[Follow My leader by Talbot Baines Reed]@TWC D-Link bookFollow My leader CHAPTER NINETEEN 10/14
If he had, he was in for it.
If he had not, why on earth did he stand there at the window? Georgie's performance ended in a humiliating wriggle back along the gutter to the trap-door.
He dared not show so much as his "whisker" above the parapet, and as the parapet was only high enough to conceal him as he lay full length on his face, the return journey was both painful and tedious. At last he reached the door where the faithful Coote anxiously awaited him, wondering what had kept him, and not sure whether the peculiar manner in which he advanced to the door was to be regarded as a joke or a feat of agility. As Heathcote did not gratify his curiosity on this point, he received the hero with a smile of mingled humour and admiration, and then followed him in his precipitate descent to the lower world.
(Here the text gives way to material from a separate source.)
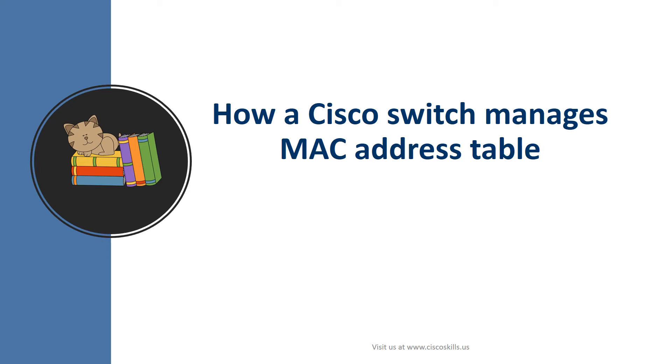In this lesson, we will learn how a Cisco switch manages its MAC address table.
At the bottom of the staircase, Duffield was comfortably lounging. "Hullo, kids!" he said, "you've got down then? What a mess you're in! Mansfield wants you, Heathcote." And the messenger departed, whistling a cheery tune, and dribbling Coote's cap, after the straightest rules of the Association, across the Quad before him. Heathcote's face lengthened.
This was the triumphal reception which was to greet him on his return to earth, the mention of which was to set Dick's teeth gnashing! He walked sulkily to Mansfield's study, and knew his fate almost before he entered the room. The Captain was stern and cutting.
He wasted few words in inquiry, still fewer in expostulation. "You're one of the boys it's no use talking to," he said, almost scornfully.